Hey Marco,

Just to clarify: Nick and I were not arguing against the value provided by shaded versions of Phoenix jars. We were more confused with your explanation of the problem(s) you outlined.

Personally, you will never see me argue that we will create a shaded client jar that *does not* relocate the vast majority of all classes contained within. The likelihood that such an artifact will continue to work over time is slim to none. As Hadoop, Guava, HBase, Protobuf and the like continue to grow and make new releases, it's inevitable that some incompatibilities will reduce the quality of the Apache Phoenix artifacts for our users (outright breakages or just lack of confidence via no testing).

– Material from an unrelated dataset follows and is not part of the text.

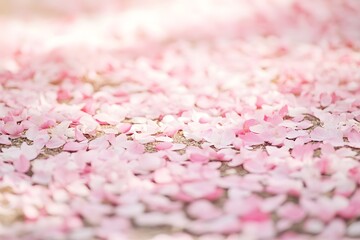 Pink Flower Petals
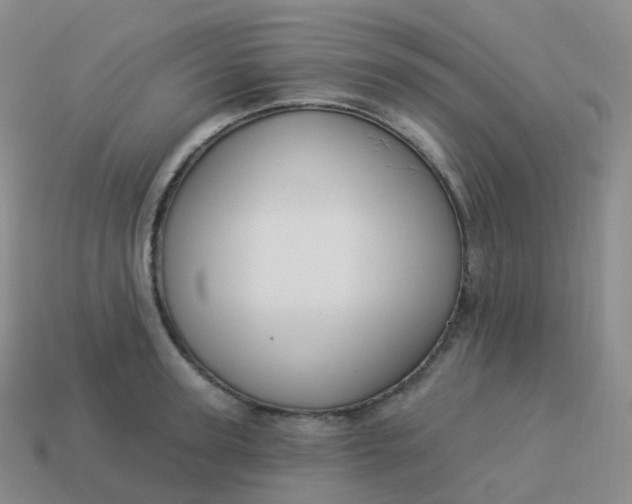 X0000113900947200910081826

The long term goal that I see here is reducing the barrier for _you_ (as a user) to easily build the jar that contains the dependencies you want for your stack. A Maven archetype might help, or maybe just a blog post. Actually, I really like this blog post on this exact subject[1].

(and, just to make sure it's clear, this is just my opinion. It is not necessarily representative of the rest of the community)

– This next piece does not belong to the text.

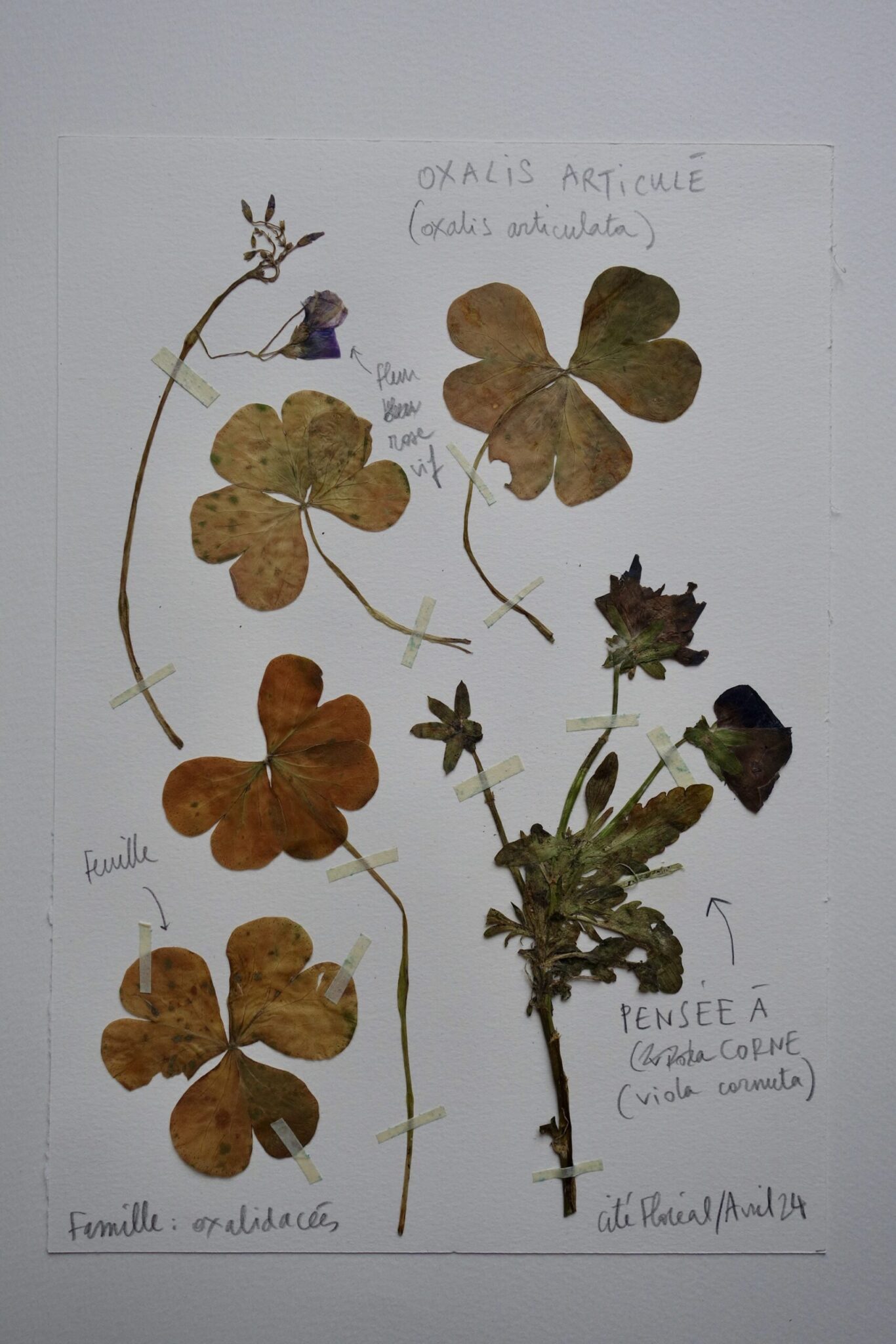 oxalis-articule-scaled.jpg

Some open questions/requests:

1. Regarding a non-shaded artifact, it is still not clear to me how the phoenix-core-$VERSION.jar we publish already (created by our official source release and published to Nexus) doesn't meet your needs. This would be good to understand. Are you inflating "non-shaded" to mean "shaded but not relocated" (e.g. a fat-jar)?

2. I do agree with you that attaching the current shaded client jars to the Maven build so that they are published for use would be very beneficial. A JIRA issue (and patch!) is the way to make this happen. While describing a problem can be helpful, including the actual changes to source which you'd like to see made go a very long way.

- Josh

[1] https://www.elastic.co/blog/to-shade-or-not-to-shade

Marco Villalobos wrote:
My recommendations are this:

Provide an artifact called phoenix-client-shaded that is a shaded a jar.

Refactor the current phoenix-client-shaded into a plain ordinary maven project 
in which any standard based JSR api (such as servlet, xml) are provided scope.  
The rest of the dependencies are compile scope. Punish it in a maven repository.



On Sep 15, 2016, at 11:09 PM, Marco Villalobos<mvillalo...@kineteque.com>  
wrote:

TL;DR; Publish a non-shaded version of phoenix client to a maven repository 
because it would much easier for complex systems to utilize since it is meant 
to be used as a library.

I'll elaborate, because both approaches have their benefits when done correctly.

I want to constructively say that it was not done correctly in this project.

CURRENTLY

Currently, the phoenix-client jar is shaded and it only repackages (changes the 
package name structure of dependencies) for some of its dependencies.
Currently, the phoenix-client jar is NOT available in the most popular maven 
repositories.

However, most organizations use a dependency management tool such as Maven, 
Ivy, or Gradle. Typically, an organize simply declares an artifact as a 
dependency.
Their build system will then pull ALL the required dependencies and package 
them in the proper location for an application.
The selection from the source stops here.